This article analyzes the implementation of an innovative retail asset protection program at Hughes Supply, a wholesale distributor of construction supplies. The company has undergone several organizational changes since this article was published, but this in-depth look at its history and asset protection functions can still provide valuable lessons to today’s LP professional.
It could have been a discussion about the theft of the latest designer jeans or the hottest new perfume with a movie star’s name. Scott Halterman, however, was talking about heists of truck beds piled with copper pipe: “High-value plumbing and other quality construction supplies are always in demand.”
As a regional asset protection manager for Hughes Supply, Halterman knows firsthand that the heavy-duty industrial products his company sells are every bit as much in demand as designer clothing or the sexiest consumer electronics. “There is a huge market for reselling stolen industrial supplies. Some contractors do know, but many more don’t know, they can be buying stolen goods,” Halterman said.
Becoming a Giant…by Little Steps
Hughes Supply’s corporate history is interesting in itself, but it is especially relevant to understanding the accomplishment that the company’s current retail asset protection program represents.

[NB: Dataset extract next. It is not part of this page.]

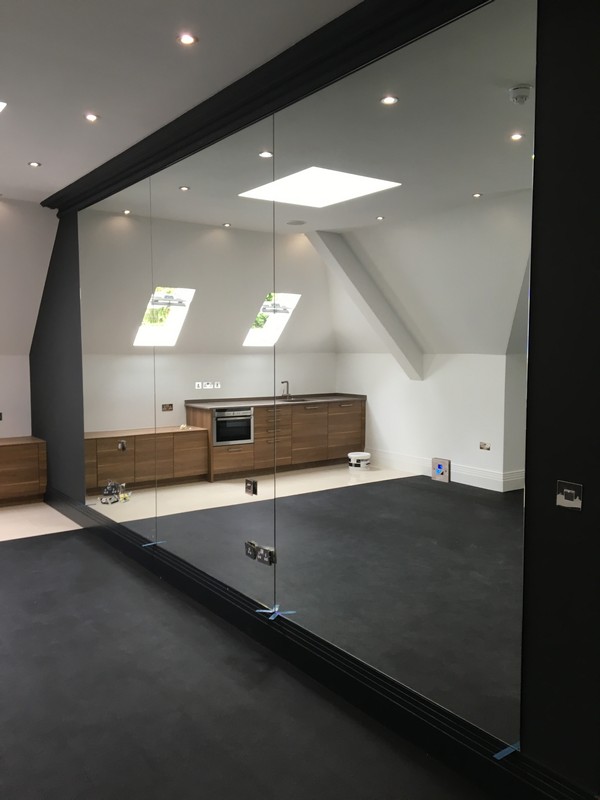 Frameless glass partition in loft conversion by South Norwood glaziers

That’s because asset protection at Hughes Supply is an illuminating story about changing a mature organization and its culture, introducing cutting-edge technology into a traditionally low-technology environment, and having the courage to look outside its own industry niche for new ideas about asset protection.
Hughes Supply was founded in 1928 by Russell Hughes and his father, Clarence. It became a public company in 1970 and today is a Fortune 500 company trading on the New York Stock Exchange with $4.4 billion in sales in its fiscal year ended January 31, 2005.
After operating initially out of the Hughes family garage, for many years the company has had its headquarters in downtown Orlando, where it recently moved into a new 40,000-square-foot building in what is now called Hughes Square. In a diverse and highly fragmented $200 billion industry, the company is a long-term player—and leader. Hughes Supply was recently named the “Most Admired Company” by Fortune magazine in its “Wholesalers: Diversified Industry” category.
Hughes Supply is one of the country’s largest wholesale distributors of materials for building construction, repair, and maintenance. This includes products such as pipes, fire hydrants and water meters, plumbing fixtures and HVAC equipment, electrical supplies, electrical transmission and distribution equipment, building materials, and fire protection devices.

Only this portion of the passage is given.